For lupus patients, exercise is a whole slew of catch-22’s – movement helps keep joints supple and muscles and bones strong, but at the same time any kind of movement can be excruciating. And while exercise is said to boost energy, it’s hard to get started when you can barely keep your eyes open to begin with.
However, it might be easier to start off an exercise plan if you stop thinking of it as “exercise”. Try approaching your next workout as a physical therapy session instead. If you’ve ever had to use physical therapy to recover from a strain or injury, the course of treatment probably wasn’t too far off from conventional exercises you’ve done at a gym. In my therapy sessions, there was a warm up, usually on a bike, stretching and strengthening exercises and then a cool-down, which was usually a massage. The main difference I noticed was intensity and goal; I wasn’t pushing myself like crazy to lose weight, I was strengthening my body with care to heal and function better.
As lupus patients we don’t need to be a certain body type – we need to be as healthy and functional as we can be.
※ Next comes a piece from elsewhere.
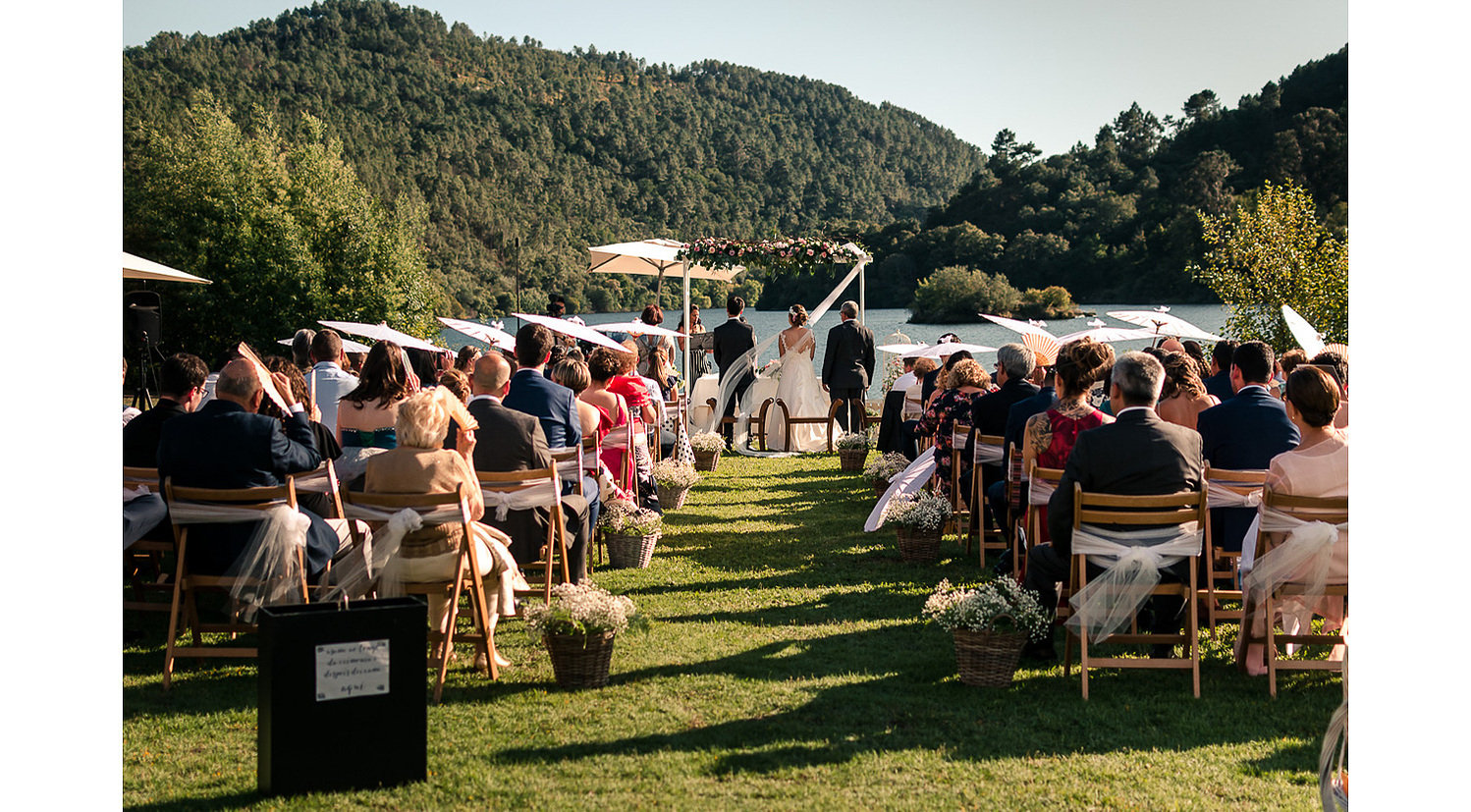Ceremonia de boda civil al aire libre en jardin de Balneario de Arnoia, en Ribadavia, Ourense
So don’t think as your trips to the gym as any old exercise, think of it as therapy, a part of your overall treatment. Pay special attention to what hurts you most and try to gently strengthen those areas. If you have a regular physical therapist, they can map out a plan for you, or try talking to your doctor for ideas. A gym personal trainer can also help – but see if they’ve worked with medical patients before. Since so many lupus symptoms mirror those of old age, asking if they have experience with the elderly might be a simpler way to screen your trainers, but make full disclosure a rule to avoid future problems.